Indian equity markets started the day on a positive note. Key benchmark indices pared its intra-day gains and were pulled down by a sell-off in banking shares after IndusInd bank reported a rise in its net performing assets (NPAs) for the third quarter ended 31st December. Also most of the day's gains were erased as investors turned cautious and booked profits at higher levels ahead of November index of industrial production (IIP) data to be released later today. Markets, however, closed in marginally higher supported by IT shares after street gave a thumbs up to Infosys' 3QFY14 results and upbeat trade deficit figures for the month of December. IT and FMCG stocks were the biggest gainers. While the BSE-Sensex closed higher by 45 points, the NSE-Nifty closed higher by 3 points. BSE Mid Cap and the BSE Small Cap closed on a negative note.

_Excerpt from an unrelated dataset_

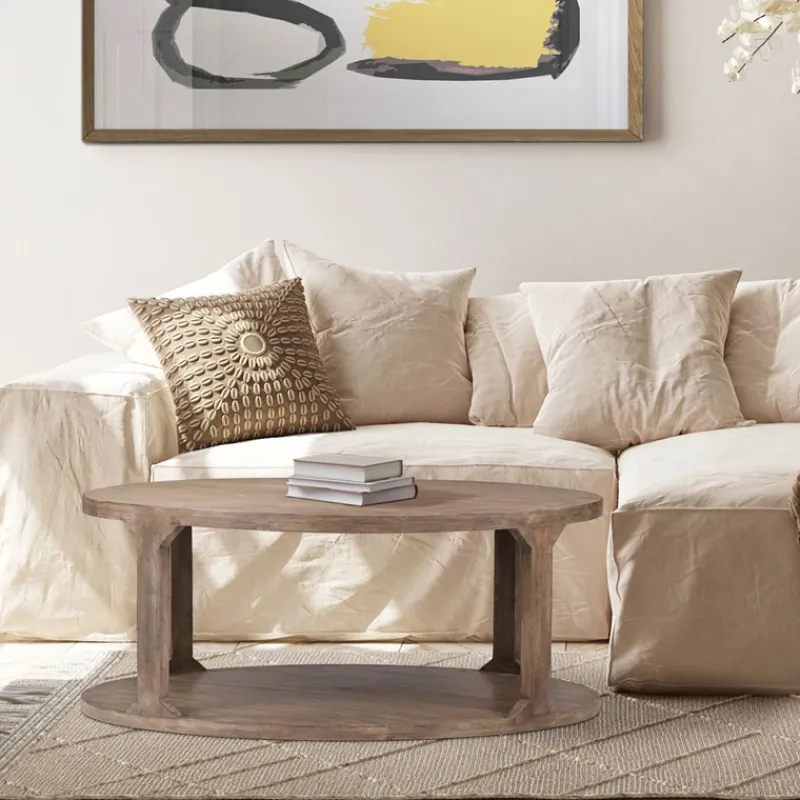 Couchtisch Ø 100x45 cm Natur aus Mangoholz WOMO-Design-ECD Germany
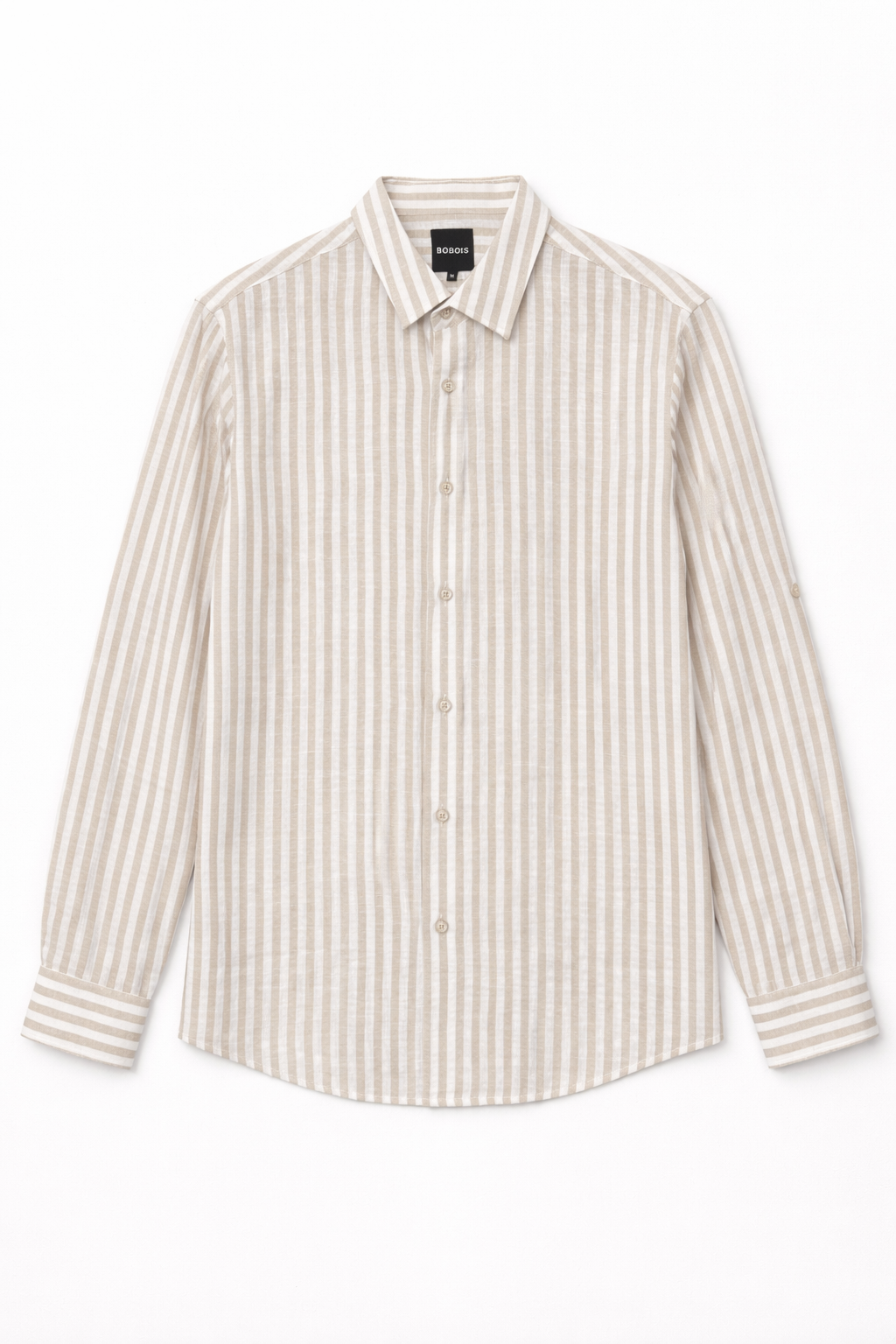 Camisa para Hombre Manga Larga de Rayas Antiarrugas Ligera B61408 Beige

As regards global markets, Asian indices closed in the green. European indices have also opened in the green. The rupee was trading at Rs 61.9 to the dollar at the time of writing.

Bharat Petroleum Corporation Ltd. (BPCL) will shut a crude unit at its Mumbai refinery for about 15 days in April-May as it carries out a 40-day maintenance work at its catalytic cracker unit. The cracker has a capacity of 0.65 m tonnes a year and the crude unit operates at about 80,000 barrels per day. The refiner has completed a 28-day maintenance shutdown at its 900,000 tonnes a year fluidised catalytic cracker unit. BPCL along with Hindustan Petroleum Corporation Ltd (HPCL) has also started exporting refined products jointly to cut costs and are exploring a similar mechanism for crude oil purchases.

Trade deficit for the month of December narrowed to US $10.14 bn from US $17.59 bn a year earlier. Trade deficit for the month of November had come in at US $9.22 bn. India's exports grew 3.49% in December to US $26.3 bn, while imports dipped 15.25%. Imports last month were US $36.4 bn. The country's gold and silver imports were reported at US $1.77 bn in December versus US $5.6 bn a year earlier. In order to restrict inward shipment of gold, the government and the RBI had announced various measures, including hiking import duty to 10%. With the decline of imports, there is a clamor that the government should ease the curbs as they are encouraging smuggling. For the April-December period, exports aggregated US $230.3 bn and imports US $340.3 bn while the trade deficit stood at US $110 bn.